More recently other devices have faced similar scrutiny. Most recently fitness trackers and health monitors – devices that are used to monitor a user’s activity – have been added to an ever-growing list of prohibited items in a SCIF; which already included personal laptop computers, camera watches, wireless transmitters, scanning devices, MP3 players, all cameras and personal cell phones and even flash drives and USB devices.
The rational for placing fitness trackers on the banned list is that these “can tell third parties where people are and help with estimates on what they are doing,” warned Enderle.
“Anything that can transmit or could even be used in any nefarious manner is also typically banned,” added Burgess. “These devices are looked at with great caution, and even if it seems harmless it is necessary to look at these closely because the unintended consequence of being wrong is very grave.”
Relaxing of the Rules
Some devices have undergone review and have been approved for use in limited capacity. In June the USMC lifted a general ban on fitness trackers. These devices can now be worn in spaces where collateral classified information and controlled unclassified information is processed, stored or discussed reported the Marine Corp Times.

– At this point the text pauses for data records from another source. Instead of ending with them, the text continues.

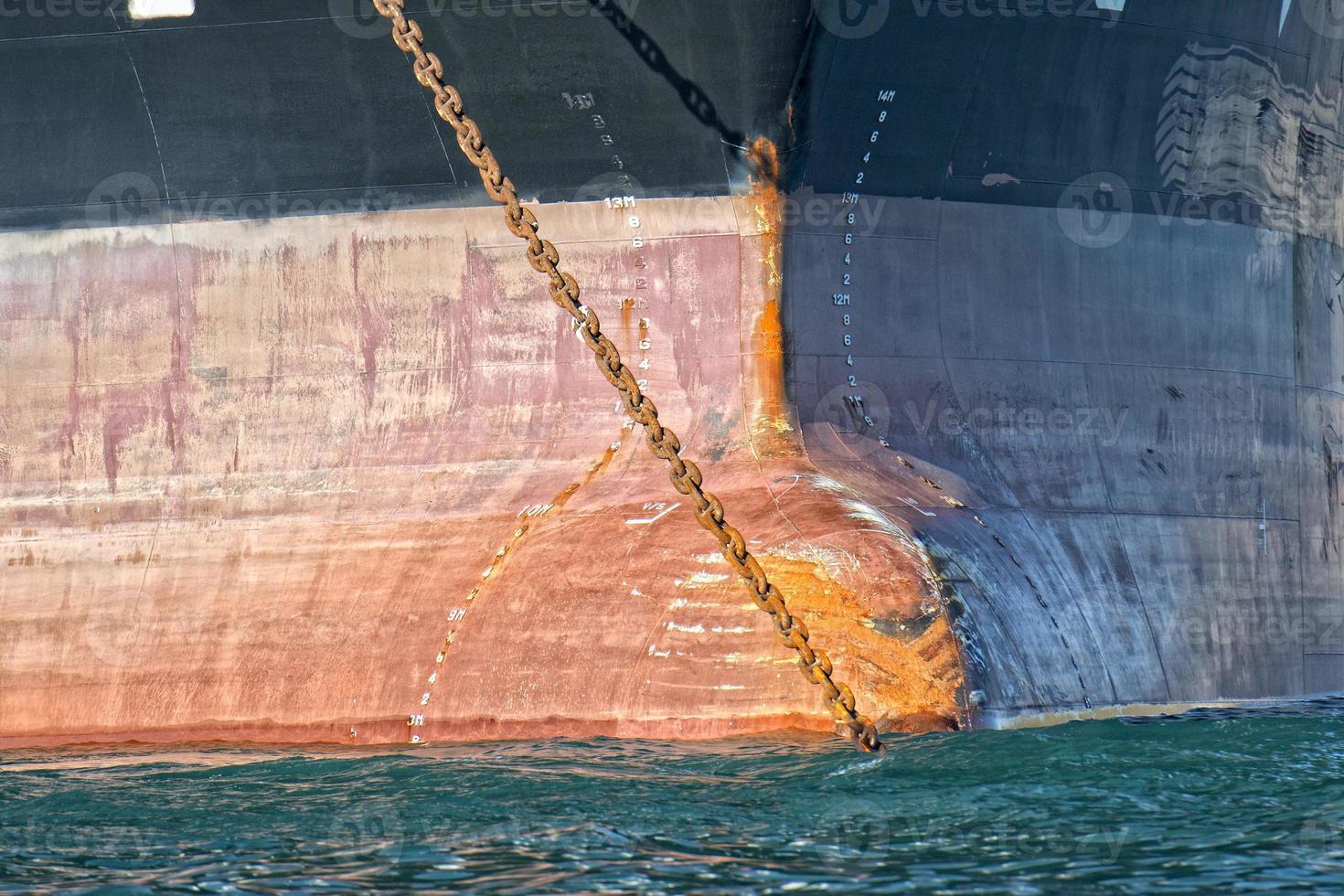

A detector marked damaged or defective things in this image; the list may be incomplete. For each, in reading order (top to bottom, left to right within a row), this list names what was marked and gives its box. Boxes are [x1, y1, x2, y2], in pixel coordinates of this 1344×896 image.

corroded metal surface [0, 197, 965, 750]
rusty anchor chain [371, 0, 885, 753]
orange rust stain [757, 549, 965, 731]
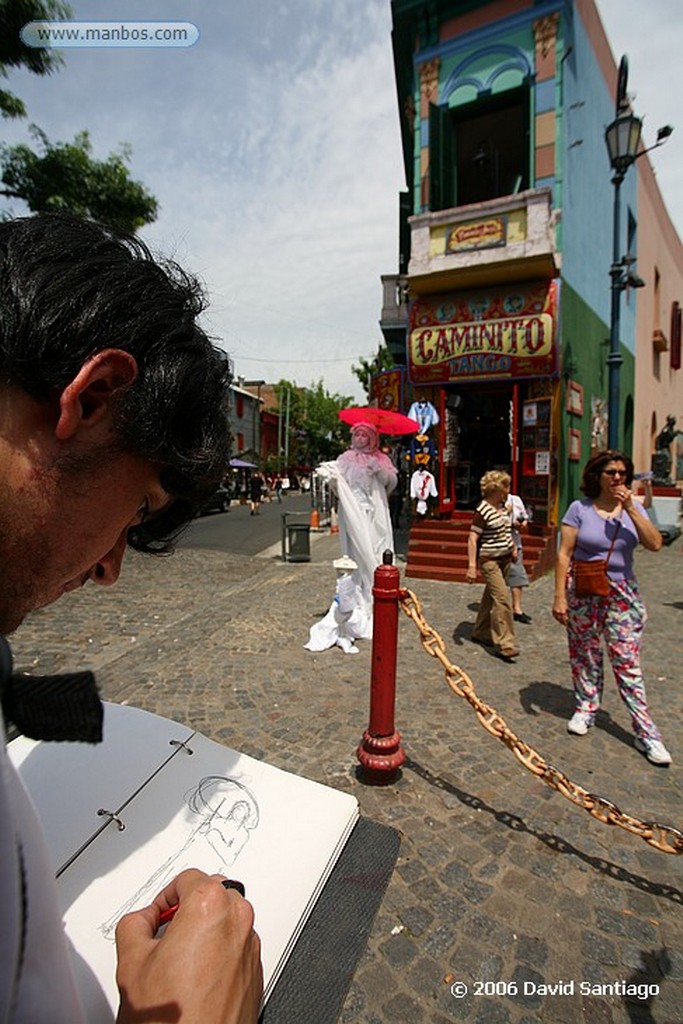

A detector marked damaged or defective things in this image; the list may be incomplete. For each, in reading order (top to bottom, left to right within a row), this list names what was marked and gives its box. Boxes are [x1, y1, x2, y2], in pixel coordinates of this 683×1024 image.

rusty chain [400, 584, 683, 856]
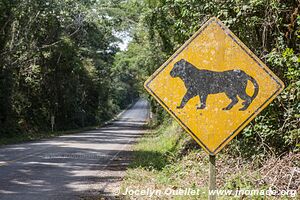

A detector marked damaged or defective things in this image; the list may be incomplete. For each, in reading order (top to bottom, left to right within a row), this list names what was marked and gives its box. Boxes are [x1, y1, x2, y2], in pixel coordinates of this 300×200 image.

rusted sign surface [144, 17, 284, 155]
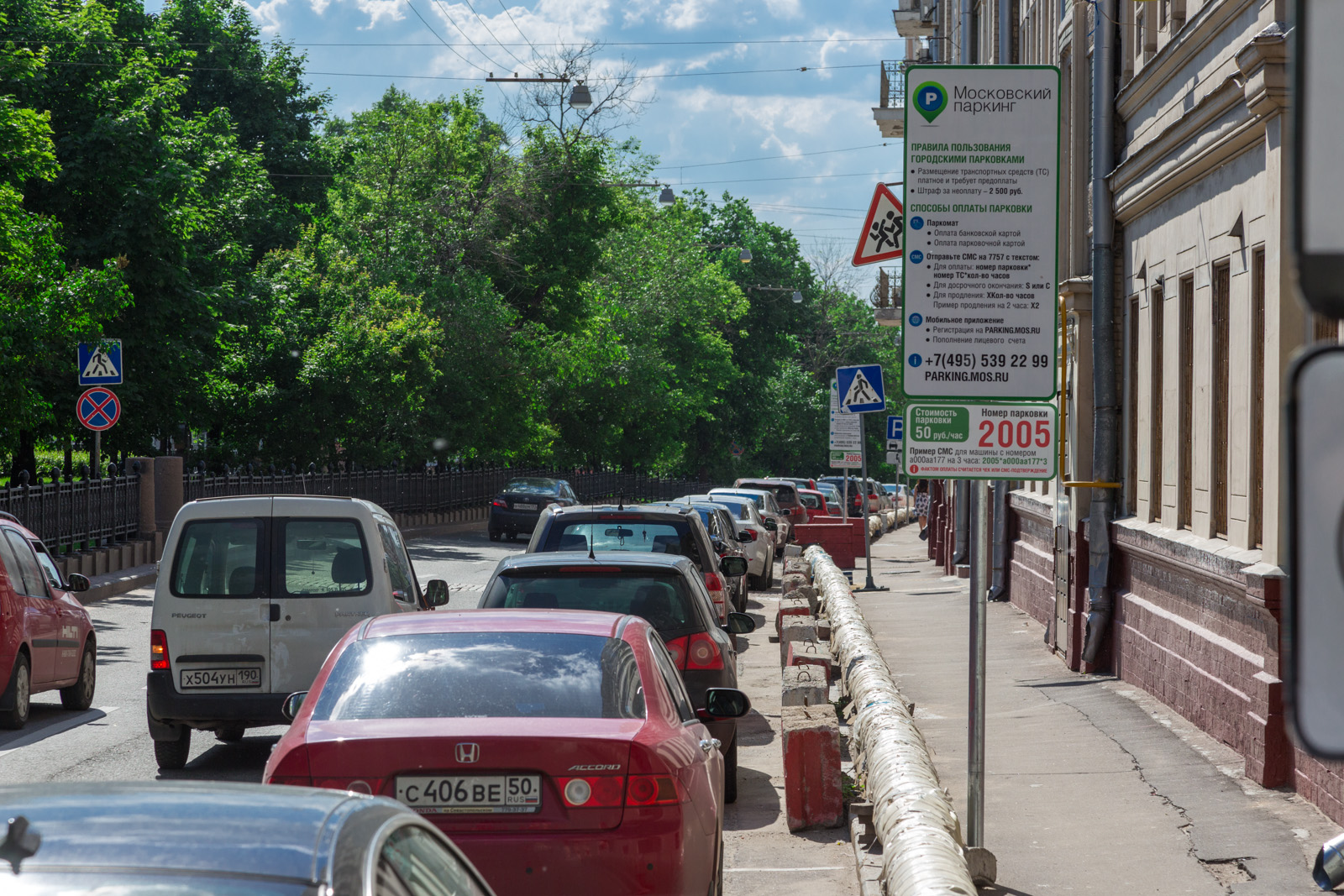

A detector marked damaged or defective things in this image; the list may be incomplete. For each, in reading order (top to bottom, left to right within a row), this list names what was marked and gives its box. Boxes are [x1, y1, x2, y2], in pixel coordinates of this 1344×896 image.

cracked asphalt [849, 527, 1333, 896]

Under the new rules, commanders can still prohibit the use or wear of fitness devices in a facility, operations area, or laboratory if the risk is determined to be unacceptable. However the MARADMIN gave no specifics on what could lead to such a determination. Signs must be posted that state when wearable fitness devices are restricted from any area.
Just as the devices could be threats, if modified, these could also be used for authentication purposes instead.
“These devices could be part of systems that utilize NFC (Near Field Communication) to connect to a biometric device, which monitors your heart, which has a unique signature,” said Burgess. “As it is unique to you your heart beat could be used to confirm your identity. Because the monitor could work with NFC it would only transmit to inches, thus making it ideal for use in controlled areas.”
While fitness/health monitors could have use in biometric security, there are plenty of devices that would serve little to no purpose in a SCIF. Moreover, with the plethora of connected devices coming out as part of the burgeoning Internet of Things (IoT), it is likely that an increasing number of devices will find their way to the banned list.
As noted, the consequences for harm are just too great, and this is why seemingly harmless devices and applications may remain on the banned list.
“It used to be that such bans principally targeted highly portable devices that managers thought or suspected could be used to collect and store digital data, like USB drives, MP3 players and smart phones,” added Pund-IT’s King. “Given the success of Pokémon Go, devices that enable AI-based gaming have now been added to that list.”